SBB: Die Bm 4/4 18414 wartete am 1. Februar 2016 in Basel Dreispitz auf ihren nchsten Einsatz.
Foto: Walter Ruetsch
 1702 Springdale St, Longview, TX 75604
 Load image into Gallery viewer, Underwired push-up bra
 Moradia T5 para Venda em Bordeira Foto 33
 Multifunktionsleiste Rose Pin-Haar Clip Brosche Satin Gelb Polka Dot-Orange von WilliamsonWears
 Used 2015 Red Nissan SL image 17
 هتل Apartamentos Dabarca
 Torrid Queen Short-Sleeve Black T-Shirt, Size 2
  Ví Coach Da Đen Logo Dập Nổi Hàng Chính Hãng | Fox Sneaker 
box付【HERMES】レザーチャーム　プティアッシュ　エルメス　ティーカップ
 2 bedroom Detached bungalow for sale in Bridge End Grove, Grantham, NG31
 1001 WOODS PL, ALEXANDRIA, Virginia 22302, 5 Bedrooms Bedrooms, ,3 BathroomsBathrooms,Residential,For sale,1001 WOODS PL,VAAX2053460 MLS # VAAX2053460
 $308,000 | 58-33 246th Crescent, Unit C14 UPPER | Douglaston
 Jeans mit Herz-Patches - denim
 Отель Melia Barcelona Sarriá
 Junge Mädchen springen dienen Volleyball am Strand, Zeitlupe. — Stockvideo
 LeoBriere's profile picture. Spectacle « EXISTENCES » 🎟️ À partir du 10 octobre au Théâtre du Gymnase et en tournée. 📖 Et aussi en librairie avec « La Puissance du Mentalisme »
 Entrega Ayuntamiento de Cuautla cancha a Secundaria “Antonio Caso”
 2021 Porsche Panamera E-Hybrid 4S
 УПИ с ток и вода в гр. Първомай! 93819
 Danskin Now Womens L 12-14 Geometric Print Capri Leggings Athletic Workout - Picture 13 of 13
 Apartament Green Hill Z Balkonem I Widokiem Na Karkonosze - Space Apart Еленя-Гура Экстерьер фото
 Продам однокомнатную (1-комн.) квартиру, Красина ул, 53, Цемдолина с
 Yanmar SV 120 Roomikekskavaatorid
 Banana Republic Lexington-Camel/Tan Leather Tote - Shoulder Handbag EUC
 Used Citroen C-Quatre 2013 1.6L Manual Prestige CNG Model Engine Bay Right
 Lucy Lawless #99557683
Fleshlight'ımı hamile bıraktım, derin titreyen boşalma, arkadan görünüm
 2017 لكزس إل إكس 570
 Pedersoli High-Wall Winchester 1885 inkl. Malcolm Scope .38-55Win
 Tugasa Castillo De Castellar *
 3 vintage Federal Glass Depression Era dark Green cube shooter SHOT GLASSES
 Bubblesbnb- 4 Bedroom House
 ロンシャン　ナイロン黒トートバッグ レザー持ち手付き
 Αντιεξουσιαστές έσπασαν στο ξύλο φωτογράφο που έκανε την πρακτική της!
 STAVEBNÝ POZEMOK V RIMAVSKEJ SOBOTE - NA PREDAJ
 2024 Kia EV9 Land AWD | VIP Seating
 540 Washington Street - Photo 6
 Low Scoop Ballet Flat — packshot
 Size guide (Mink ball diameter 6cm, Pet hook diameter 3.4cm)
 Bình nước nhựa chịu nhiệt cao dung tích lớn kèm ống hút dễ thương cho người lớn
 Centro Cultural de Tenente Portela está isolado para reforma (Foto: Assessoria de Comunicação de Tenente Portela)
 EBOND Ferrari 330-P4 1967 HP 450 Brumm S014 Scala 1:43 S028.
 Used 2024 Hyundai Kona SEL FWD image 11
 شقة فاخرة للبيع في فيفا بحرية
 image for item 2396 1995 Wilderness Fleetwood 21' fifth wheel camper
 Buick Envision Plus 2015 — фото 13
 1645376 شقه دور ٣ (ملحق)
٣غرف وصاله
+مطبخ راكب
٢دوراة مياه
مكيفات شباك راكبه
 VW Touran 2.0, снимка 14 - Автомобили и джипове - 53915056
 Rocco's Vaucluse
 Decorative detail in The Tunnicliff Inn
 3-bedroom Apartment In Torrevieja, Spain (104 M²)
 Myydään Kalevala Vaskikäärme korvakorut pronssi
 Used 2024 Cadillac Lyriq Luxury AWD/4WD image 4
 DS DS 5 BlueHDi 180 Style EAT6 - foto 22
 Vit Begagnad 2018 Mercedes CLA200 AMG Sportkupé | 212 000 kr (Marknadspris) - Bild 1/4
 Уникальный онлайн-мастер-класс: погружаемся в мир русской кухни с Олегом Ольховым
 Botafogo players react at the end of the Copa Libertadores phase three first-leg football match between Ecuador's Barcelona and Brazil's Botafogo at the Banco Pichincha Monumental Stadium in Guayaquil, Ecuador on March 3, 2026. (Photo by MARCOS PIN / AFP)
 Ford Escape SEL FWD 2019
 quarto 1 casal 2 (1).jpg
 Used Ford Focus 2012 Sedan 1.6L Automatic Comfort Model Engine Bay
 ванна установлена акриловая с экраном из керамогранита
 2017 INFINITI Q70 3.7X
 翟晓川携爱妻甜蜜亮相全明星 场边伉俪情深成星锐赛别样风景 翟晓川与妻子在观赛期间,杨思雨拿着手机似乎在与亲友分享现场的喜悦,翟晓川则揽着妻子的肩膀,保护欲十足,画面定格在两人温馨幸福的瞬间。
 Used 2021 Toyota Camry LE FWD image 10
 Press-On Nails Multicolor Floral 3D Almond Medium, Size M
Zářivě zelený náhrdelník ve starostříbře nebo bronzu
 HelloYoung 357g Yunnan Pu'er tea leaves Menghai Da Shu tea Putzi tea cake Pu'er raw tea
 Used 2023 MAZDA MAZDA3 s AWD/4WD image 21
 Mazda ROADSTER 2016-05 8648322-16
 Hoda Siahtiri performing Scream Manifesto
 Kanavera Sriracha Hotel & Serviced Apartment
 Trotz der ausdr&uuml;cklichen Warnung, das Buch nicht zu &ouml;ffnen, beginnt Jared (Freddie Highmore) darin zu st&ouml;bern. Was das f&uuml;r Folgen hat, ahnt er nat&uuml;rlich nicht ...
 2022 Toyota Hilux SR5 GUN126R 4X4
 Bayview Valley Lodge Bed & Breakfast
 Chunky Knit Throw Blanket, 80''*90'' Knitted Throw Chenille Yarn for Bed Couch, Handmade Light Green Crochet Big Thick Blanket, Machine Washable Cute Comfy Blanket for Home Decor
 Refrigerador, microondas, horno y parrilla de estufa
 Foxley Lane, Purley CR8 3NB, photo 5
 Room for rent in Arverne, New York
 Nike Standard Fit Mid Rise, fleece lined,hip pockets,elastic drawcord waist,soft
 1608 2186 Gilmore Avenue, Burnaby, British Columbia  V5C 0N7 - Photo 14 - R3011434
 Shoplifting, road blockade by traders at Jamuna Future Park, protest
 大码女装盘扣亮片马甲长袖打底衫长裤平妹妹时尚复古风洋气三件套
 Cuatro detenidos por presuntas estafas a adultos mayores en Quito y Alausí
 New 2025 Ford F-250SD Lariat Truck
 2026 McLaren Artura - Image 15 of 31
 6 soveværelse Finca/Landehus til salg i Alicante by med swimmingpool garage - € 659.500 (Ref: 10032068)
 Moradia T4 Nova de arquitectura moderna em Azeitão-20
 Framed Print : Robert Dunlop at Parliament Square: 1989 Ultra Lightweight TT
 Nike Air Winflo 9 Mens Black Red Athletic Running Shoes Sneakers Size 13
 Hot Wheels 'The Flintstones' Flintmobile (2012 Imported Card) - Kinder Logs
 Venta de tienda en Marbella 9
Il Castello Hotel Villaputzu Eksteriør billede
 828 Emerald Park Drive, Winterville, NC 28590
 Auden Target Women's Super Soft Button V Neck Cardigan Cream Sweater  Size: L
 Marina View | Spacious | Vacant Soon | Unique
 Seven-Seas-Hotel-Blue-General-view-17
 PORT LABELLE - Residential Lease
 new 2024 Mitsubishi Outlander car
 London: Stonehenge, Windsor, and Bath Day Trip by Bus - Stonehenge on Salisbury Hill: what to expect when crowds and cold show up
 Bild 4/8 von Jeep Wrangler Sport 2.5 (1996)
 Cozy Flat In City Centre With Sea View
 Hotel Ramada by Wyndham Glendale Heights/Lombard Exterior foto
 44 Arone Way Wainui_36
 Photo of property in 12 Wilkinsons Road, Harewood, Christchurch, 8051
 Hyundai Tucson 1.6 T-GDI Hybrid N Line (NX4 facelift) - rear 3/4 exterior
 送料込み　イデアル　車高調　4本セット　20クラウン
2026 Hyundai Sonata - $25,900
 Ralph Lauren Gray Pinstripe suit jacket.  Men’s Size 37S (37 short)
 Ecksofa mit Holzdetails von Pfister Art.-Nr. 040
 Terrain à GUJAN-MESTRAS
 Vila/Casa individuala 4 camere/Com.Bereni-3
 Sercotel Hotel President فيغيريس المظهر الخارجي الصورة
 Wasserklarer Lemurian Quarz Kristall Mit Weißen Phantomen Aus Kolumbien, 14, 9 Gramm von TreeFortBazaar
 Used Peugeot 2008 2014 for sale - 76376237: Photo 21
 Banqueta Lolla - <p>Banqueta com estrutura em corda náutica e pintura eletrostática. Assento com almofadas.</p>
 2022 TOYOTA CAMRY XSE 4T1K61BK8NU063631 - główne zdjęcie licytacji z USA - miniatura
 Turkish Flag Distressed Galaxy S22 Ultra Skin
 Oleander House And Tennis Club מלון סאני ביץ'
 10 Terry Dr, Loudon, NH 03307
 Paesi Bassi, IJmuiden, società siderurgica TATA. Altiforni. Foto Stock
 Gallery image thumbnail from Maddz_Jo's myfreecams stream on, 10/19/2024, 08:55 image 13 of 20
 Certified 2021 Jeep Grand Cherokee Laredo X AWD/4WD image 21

→ Work request
All that is wanted is an exact copy of the lines above from the one with "1608 2186 Gilmore" through the one with "Cuatro detenidos por", with both ends included.

→ Exercise response
 1608 2186 Gilmore Avenue, Burnaby, British Columbia  V5C 0N7 - Photo 14 - R3011434
 Shoplifting, road blockade by traders at Jamuna Future Park, protest
 大码女装盘扣亮片马甲长袖打底衫长裤平妹妹时尚复古风洋气三件套
 Cuatro detenidos por presuntas estafas a adultos mayores en Quito y Alausí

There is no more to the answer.